ABOUT THIS EXERCISE. Set down word for word the lines that begin the entries and run through the line containing "Waterof Half-Sole Rain". Give nothing further.

Items from a data source

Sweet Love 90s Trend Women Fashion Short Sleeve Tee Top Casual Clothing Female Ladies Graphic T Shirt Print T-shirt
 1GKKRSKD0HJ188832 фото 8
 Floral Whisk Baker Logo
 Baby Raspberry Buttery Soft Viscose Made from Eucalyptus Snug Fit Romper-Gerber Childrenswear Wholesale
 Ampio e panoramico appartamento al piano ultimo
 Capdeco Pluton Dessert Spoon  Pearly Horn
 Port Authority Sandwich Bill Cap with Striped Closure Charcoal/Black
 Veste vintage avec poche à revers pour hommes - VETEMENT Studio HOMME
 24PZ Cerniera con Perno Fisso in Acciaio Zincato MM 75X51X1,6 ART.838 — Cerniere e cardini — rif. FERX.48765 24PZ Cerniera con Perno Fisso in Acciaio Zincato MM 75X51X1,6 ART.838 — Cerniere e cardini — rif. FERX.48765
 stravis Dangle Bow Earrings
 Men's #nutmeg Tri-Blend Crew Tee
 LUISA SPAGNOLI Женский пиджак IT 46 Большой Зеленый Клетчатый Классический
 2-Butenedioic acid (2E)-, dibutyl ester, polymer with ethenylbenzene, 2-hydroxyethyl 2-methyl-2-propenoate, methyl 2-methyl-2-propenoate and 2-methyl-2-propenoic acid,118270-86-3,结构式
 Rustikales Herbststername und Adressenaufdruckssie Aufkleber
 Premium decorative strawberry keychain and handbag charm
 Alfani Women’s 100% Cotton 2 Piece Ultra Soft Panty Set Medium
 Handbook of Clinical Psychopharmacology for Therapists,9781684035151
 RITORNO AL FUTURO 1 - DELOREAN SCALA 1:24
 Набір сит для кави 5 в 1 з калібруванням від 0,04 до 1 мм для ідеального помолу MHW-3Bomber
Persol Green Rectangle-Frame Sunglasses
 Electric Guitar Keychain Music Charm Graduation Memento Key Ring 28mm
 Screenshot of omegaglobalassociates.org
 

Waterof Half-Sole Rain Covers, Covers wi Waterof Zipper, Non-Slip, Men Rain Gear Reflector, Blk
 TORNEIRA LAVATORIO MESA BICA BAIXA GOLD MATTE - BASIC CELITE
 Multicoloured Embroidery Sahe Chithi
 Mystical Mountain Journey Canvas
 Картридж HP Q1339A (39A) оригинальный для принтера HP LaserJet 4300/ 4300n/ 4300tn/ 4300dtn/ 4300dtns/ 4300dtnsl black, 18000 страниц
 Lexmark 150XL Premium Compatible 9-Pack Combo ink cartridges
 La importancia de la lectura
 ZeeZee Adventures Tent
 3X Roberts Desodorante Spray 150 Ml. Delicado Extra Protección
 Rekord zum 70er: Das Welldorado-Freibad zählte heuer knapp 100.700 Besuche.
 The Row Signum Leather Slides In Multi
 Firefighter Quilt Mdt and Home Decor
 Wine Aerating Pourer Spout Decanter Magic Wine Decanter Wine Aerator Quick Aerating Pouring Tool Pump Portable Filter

SOLUTION TO THE EXERCISE.
Sweet Love 90s Trend Women Fashion Short Sleeve Tee Top Casual Clothing Female Ladies Graphic T Shirt Print T-shirt
 1GKKRSKD0HJ188832 фото 8
 Floral Whisk Baker Logo
 Baby Raspberry Buttery Soft Viscose Made from Eucalyptus Snug Fit Romper-Gerber Childrenswear Wholesale
 Ampio e panoramico appartamento al piano ultimo
 Capdeco Pluton Dessert Spoon  Pearly Horn
 Port Authority Sandwich Bill Cap with Striped Closure Charcoal/Black
 Veste vintage avec poche à revers pour hommes - VETEMENT Studio HOMME
 24PZ Cerniera con Perno Fisso in Acciaio Zincato MM 75X51X1,6 ART.838 — Cerniere e cardini — rif. FERX.48765 24PZ Cerniera con Perno Fisso in Acciaio Zincato MM 75X51X1,6 ART.838 — Cerniere e cardini — rif. FERX.48765
 stravis Dangle Bow Earrings
 Men's #nutmeg Tri-Blend Crew Tee
 LUISA SPAGNOLI Женский пиджак IT 46 Большой Зеленый Клетчатый Классический
 2-Butenedioic acid (2E)-, dibutyl ester, polymer with ethenylbenzene, 2-hydroxyethyl 2-methyl-2-propenoate, methyl 2-methyl-2-propenoate and 2-methyl-2-propenoic acid,118270-86-3,结构式
 Rustikales Herbststername und Adressenaufdruckssie Aufkleber
 Premium decorative strawberry keychain and handbag charm
 Alfani Women’s 100% Cotton 2 Piece Ultra Soft Panty Set Medium
 Handbook of Clinical Psychopharmacology for Therapists,9781684035151
 RITORNO AL FUTURO 1 - DELOREAN SCALA 1:24
 Набір сит для кави 5 в 1 з калібруванням від 0,04 до 1 мм для ідеального помолу MHW-3Bomber
Persol Green Rectangle-Frame Sunglasses
 Electric Guitar Keychain Music Charm Graduation Memento Key Ring 28mm
 Screenshot of omegaglobalassociates.org
 

Waterof Half-Sole Rain Covers, Covers wi Waterof Zipper, Non-Slip, Men Rain Gear Reflector, Blk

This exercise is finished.